Not many years before fire destroyed the plantation, it was a playground of sorts for several of us, and we went there on many nights to ‘walk with the ghosts’ and to sit under its crumbling columns telling scary tales of blood, murder and vengeance. In those days the grounds were accessible, or at least it seemed that way to a car full of teenagers willing to climb fences. We plotted elaborate dramas and scare tactics to spring on friends, the more elaborate stunts requiring some of us to arrive early, set the scene and then hide among the shadows. We laughed as the terrified girls ran screeching from a ‘ghost’ in flour whiteface, arms pinwheeling with glittering butcher knives but in the long run we all once or twice got scared out of our wits.

At the time not many among my ghost story partners knew much about the old house, apart from it being some old place from the time of the Civil War, and that it was sometimes in the movies. I don’t remember it ever being a subject in our Louisiana history classes. But it does have a story, a colorful one that includes fiery steamboats, yellow fever, occupation by Union soldiers, wandering ghosts and finally crumbling in flames.

The Cottage was built in 1824 as a wedding gift to a daughter and her husband. Considered one of the finest houses in the area, it had 22 rooms filled with imported furniture. Operating as a sugar plantation with 250 slaves, the owners were able to accumulate considerable wealth, and in the years before the Civil War, life was good at the Cottage.

On February 27, 1859 a steamboat bound for New Orleans caught fire on the river near the Cottage, burning to the water, with bales of burning cotton floating on the Mississippi, passengers clinging to them as best they could. Plantation slaves helped pull passengers from the water, while the owner of the Cottage had bed sheets laid out with flour on top of them, a palliative for burn victims to be rolled in. One witness later wrote in his journal: ‘One man approached me wrapped in a sheet with flour covering his face and looking like a ghost. Before I could run away from the hideous object it extended its arms toward me and quietly said, “Don't be afraid, Jimmie. It is me, Mr. Cheatham. I am dying—hold my hand!” then sinking upon the turf beside me. The ghost-like man gave a cry which seemed to wrench the soul from his body. He shivered for an instant, and then lay still. A slave passing by pointed to the body and casually remarked, “He done dead.”’
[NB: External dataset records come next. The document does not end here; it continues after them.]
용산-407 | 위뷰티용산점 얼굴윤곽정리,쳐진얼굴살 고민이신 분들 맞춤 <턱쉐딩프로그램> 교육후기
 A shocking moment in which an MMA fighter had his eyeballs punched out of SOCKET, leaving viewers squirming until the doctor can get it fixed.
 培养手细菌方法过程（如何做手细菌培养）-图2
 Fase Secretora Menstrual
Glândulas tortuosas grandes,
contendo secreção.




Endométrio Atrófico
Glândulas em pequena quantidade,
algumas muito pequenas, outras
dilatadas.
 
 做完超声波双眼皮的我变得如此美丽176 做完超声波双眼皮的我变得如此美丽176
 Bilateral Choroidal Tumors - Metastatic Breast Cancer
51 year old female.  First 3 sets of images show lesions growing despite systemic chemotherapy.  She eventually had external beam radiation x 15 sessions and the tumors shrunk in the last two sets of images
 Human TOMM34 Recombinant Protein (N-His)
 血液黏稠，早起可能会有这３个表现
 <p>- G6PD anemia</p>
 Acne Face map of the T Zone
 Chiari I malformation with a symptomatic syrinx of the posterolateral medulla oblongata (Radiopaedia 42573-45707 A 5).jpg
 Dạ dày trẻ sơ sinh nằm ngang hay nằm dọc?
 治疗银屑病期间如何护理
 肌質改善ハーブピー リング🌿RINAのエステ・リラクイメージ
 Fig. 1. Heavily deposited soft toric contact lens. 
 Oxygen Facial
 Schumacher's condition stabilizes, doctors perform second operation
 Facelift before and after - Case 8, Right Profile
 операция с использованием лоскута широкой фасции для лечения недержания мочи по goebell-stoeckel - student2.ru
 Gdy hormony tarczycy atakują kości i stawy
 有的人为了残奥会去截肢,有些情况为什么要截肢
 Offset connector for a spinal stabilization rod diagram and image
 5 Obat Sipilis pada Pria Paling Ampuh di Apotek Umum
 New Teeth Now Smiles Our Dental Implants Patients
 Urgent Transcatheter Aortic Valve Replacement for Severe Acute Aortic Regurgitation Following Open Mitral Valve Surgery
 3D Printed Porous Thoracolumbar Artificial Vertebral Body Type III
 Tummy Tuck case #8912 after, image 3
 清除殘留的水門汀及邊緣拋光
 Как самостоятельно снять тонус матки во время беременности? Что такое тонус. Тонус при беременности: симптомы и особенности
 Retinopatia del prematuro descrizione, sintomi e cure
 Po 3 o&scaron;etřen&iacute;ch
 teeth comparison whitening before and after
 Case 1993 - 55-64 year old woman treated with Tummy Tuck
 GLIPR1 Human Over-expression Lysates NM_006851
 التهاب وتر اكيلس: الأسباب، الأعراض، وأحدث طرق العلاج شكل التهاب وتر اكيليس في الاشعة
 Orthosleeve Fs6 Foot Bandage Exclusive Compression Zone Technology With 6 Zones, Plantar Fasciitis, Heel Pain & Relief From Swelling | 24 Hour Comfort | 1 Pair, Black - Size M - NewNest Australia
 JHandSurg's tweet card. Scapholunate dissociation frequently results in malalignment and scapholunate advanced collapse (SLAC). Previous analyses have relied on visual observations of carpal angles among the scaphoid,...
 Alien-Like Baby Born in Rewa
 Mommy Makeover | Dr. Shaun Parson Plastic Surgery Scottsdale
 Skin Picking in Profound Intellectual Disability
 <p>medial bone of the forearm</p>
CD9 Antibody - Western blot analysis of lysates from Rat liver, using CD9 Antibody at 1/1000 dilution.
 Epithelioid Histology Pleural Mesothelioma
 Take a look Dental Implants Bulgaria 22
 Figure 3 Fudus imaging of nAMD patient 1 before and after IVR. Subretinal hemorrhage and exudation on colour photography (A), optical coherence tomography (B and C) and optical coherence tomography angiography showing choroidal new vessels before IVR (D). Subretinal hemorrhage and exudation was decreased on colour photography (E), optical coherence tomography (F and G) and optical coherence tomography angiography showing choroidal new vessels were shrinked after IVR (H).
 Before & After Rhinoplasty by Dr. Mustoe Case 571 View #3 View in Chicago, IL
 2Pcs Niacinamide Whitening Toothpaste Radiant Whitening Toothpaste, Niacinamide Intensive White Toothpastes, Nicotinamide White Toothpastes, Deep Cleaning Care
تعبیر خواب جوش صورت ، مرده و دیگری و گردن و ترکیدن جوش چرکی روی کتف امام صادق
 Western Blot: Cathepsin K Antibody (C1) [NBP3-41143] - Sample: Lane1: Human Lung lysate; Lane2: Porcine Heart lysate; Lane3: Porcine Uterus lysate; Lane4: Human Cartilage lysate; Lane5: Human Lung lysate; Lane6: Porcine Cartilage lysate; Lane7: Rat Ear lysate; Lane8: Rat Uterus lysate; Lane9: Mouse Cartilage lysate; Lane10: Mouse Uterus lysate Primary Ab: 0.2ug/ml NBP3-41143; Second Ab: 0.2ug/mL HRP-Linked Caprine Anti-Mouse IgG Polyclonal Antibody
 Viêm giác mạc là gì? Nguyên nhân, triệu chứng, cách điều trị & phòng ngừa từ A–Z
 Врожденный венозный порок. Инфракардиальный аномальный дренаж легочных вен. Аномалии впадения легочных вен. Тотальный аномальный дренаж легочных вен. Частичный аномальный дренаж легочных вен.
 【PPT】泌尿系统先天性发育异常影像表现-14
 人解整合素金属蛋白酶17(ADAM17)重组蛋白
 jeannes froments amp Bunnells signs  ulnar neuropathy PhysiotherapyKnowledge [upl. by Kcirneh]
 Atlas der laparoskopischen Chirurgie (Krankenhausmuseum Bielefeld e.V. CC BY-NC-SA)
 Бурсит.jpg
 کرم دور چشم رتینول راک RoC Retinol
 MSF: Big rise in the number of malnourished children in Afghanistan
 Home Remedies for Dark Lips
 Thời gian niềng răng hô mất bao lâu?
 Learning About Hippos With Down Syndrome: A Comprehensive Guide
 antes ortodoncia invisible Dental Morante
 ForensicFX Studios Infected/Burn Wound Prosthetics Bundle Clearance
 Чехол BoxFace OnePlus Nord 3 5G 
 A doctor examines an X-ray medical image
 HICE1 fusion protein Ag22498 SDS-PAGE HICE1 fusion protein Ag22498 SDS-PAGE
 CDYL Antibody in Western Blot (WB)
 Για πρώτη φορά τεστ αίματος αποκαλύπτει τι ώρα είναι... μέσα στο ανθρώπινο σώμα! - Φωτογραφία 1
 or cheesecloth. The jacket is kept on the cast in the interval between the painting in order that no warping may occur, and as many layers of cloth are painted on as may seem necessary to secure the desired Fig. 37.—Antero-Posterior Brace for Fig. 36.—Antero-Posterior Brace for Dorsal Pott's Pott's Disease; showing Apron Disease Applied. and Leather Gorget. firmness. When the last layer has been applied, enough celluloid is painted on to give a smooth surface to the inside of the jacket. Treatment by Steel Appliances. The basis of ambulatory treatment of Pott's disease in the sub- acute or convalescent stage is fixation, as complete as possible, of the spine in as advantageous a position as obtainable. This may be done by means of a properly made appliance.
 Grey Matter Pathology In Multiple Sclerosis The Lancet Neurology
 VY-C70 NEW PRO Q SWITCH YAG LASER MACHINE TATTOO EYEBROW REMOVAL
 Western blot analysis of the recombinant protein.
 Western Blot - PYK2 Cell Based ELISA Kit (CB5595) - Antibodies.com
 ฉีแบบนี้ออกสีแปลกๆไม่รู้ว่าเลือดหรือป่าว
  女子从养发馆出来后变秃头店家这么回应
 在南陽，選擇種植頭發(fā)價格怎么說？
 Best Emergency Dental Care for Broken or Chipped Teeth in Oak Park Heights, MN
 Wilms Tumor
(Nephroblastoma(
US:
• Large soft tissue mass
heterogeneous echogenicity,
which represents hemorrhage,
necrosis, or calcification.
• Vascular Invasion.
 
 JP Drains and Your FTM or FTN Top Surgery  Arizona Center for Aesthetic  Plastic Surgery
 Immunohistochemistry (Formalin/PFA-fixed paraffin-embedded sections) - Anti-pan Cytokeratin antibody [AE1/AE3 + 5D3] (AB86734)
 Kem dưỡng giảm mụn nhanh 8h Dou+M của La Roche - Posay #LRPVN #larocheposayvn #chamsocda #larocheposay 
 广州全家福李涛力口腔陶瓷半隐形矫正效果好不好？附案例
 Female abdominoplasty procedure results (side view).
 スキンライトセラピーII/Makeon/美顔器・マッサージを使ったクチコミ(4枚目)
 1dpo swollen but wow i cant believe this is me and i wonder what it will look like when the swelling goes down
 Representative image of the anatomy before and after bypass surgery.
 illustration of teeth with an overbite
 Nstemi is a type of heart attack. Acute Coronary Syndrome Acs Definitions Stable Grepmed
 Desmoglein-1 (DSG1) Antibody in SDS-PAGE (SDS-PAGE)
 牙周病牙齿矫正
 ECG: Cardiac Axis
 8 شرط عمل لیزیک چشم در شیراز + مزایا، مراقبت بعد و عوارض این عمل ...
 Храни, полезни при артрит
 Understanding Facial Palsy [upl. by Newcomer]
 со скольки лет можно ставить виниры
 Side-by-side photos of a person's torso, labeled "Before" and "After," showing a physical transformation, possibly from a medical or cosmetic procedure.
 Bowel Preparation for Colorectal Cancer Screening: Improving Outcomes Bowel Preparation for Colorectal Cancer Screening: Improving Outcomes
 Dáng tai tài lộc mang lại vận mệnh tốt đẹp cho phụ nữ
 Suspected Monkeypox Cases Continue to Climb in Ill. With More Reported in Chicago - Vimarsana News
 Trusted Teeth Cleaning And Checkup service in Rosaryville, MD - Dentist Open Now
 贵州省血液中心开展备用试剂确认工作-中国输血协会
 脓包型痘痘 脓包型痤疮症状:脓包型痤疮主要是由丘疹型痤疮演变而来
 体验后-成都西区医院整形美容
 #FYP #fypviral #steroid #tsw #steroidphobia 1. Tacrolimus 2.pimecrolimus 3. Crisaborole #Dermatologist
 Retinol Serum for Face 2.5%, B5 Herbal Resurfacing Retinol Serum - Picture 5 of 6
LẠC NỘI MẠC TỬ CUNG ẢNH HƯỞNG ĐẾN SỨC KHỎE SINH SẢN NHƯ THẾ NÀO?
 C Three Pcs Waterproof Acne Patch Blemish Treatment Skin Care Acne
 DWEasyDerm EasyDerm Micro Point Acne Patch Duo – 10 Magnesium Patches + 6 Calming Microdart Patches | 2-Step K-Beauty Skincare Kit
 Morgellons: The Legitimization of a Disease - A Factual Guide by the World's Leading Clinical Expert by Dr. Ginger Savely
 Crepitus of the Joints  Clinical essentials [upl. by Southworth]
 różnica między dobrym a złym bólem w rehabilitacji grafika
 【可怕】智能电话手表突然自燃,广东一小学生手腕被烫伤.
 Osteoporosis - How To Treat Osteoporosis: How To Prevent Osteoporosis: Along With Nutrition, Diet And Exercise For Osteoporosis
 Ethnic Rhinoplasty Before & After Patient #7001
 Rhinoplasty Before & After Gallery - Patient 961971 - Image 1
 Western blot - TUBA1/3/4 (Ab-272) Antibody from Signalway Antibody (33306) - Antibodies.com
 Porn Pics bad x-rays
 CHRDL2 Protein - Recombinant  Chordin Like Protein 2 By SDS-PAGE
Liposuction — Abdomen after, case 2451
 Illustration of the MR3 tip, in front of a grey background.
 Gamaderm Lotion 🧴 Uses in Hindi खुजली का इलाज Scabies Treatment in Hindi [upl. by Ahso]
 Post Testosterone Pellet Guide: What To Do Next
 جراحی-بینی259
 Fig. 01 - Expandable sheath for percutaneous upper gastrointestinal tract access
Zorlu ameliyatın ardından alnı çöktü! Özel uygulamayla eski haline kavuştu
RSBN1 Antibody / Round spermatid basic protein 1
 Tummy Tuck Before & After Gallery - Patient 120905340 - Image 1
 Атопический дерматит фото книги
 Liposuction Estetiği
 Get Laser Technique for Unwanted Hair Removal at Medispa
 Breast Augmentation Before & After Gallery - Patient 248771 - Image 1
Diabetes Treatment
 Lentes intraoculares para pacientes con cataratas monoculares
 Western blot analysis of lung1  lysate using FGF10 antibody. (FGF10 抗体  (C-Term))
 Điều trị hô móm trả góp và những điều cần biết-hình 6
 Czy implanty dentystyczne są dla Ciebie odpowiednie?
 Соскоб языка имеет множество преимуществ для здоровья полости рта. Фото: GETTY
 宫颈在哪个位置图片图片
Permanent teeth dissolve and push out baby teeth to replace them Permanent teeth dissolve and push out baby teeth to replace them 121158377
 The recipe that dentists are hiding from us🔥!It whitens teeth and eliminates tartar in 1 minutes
After the start of the Civil War, life on the plantation changed forever. The Union Army took over the property and removed everything of value, including horses, furniture, jewelry and even the children’s clothing. Troops occupied the plantation holding the family prisoner. When the soldiers finally left, the family abandoned the house and it was taken over as a hospital for Union soldiers with yellow fever. Many died from the disease and were buried on the grounds. In the years that followed, the fact that it was a hospital probably saved it from being destroyed by vandals.

Following the war’s end the family tutor returned to the abandoned Cottage, becoming a recluse and spending his time repairing the old house. He was sometimes seen wandering the grounds of the Cottage with a long, white beard. Years passed and the Cottage stood empty, people living nearby calling it haunted. There were reports of doors opening and slamming by themselves and sightings of ghosts wandering the grounds. In the 1920s, the family began a restoration of the house and in the 1950s it was opened to the public, a museum of the Old South. In 1957 it served as a movie set for the Clark Gable and Yvonne De Carlo picture, Band of Angels.

One early morning in 1960, the Cottage burned to the ground. Firemen later reported that while pumping water onto the flames from the side garden, a man ‘appeared’ in an upper window. Firefighters shouted for him to jump, but he stood not noticing them or the fire around him. The roof collapsed and the man was gone. Searching for the his remains, firemen found nothing. Some say a ghostly figure still haunts the Cottage, passing on dark nights among the ruined columns of a former life.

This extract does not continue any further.